SBPC alerta que alterações de Secretarias colocam em risco sustentabilidade do Estado de São Paulo

Em carta enviada nesta quarta-feira, 24 de maio, a todos os deputados da Alesp, a SBPC manifestou preocupação com mudanças realizadas na Secretaria de Infraestrutura e Meio Ambiente (SIMA) e na Secretaria de Agricultura e Abastecimento (SAA) do Estado

Leia abaixo a carta na íntegra:

As alterações da SAA e SIMA e os perigos para a sustentabilidade ambiental e socioeconômica do estado de São Paulo

A Sociedade Brasileira para o Progresso da Ciência (SBPC) vem por meio deste documento externar suas preocupações sobre as alterações realizadas na Secretaria de Infraestrutura e Meio Ambiente (SIMA) e na Secretaria de Agricultura e Abastecimento (SAA) do Estado de São Paulo, baseado nos seguintes argumentos:

– O Decreto n. 64.132 de 11/03/2019 que levou à fusão da Secretaria Estadual de Meio Ambiente (SMA) com as Secretarias de Saneamento e Recursos Hídricos e de Energia e Mineração, agora denominada Secretaria de Infraestrutura e Meio Ambiente (SIMA), e as reestruturações que ocorreram com essa fusão (Decreto n. 64.131 de 11/03/2019 e  Resolução Conjunta SAA/SIMA n. 01 de 12/03/2019) prenunciam uma perigosa trajetória, que afasta o estado de São Paulo do caminho da sustentabilidade ambiental e socioeconômica. Vários são os sinais de que estamos nos desviando de um caminho desejado de desenvolvimento sustentável, dos quais destacamos três pontos principais abaixo.

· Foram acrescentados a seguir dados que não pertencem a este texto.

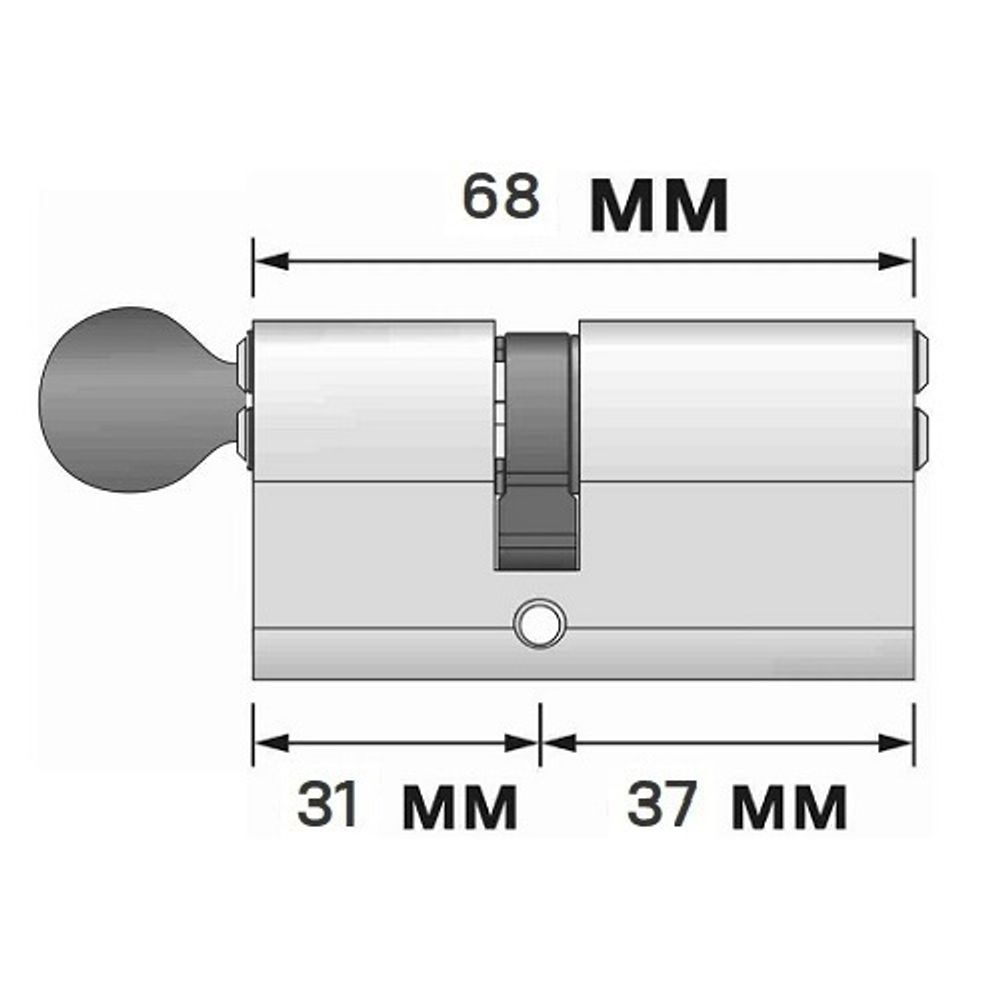 Цилиндровый механизм с вертушкой APECS SM-68 (31C/37)-C G золото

A- Houve um enfraquecimento da estrutura de planejamento e conservação da biodiversidade – a Coordenadoria de Biodiversidade e Recursos Naturais da antiga SMA foi pulverizada, com parte de sua equipe técnica lotada na SIMA e parte transferida para a Secretaria de Agricultura e Abastecimento (SAA). Agora, a atuação da SIMA em relação ao uso sustentável e à conservação da biodiversidade ficou limitada apenas às Unidades de Conservação (de proteção integral e de uso sustentável) e suas zonas de amortecimento, nas áreas de povos e comunidades tradicionais e nas áreas objeto de licenciamento ambiental, excluindo dessa responsabilidade da SIMA uma enorme extensão territorial que inclui os fragmentos naturais dentro da propriedade privada paulista. Esse desacoplamento da gestão territorial em áreas protegidas e fora delas pode trazer amplos prejuízos à conservação da biodiversidade e também à produção agrícola, uma vez que UCs e as propriedades privadas interagem fortemente, e uma má gestão em áreas rurais, incluindo os fragmentos naturais, afeta as áreas protegidas, e vice-versa. Ademais, ao dividir a equipe envolvida na elaboração de políticas públicas voltadas para a conservação da biodiversidade paulista em duas secretarias, o Estado enfraquece também outras políticas públicas da SIMA que interferem diretamente na produção agrícola, como a de prevenção/controle de espécies exóticas invasoras que trazem fortes prejuízos à agricultura (ex. javaporco, lebrão, pomba, etc), a de desenvolvimento rural sustentável (PDRS), a de transição agroecológica e várias outras. Neste sentido, em vez de economizar recursos com pessoal e o enxugamento do aparelho estatal, estaria criando uma sobreposição desnecessária, reduzindo a eficiência e eficácia do esforço conservacionista e consequentes serviços ambientais prestados à população do estado.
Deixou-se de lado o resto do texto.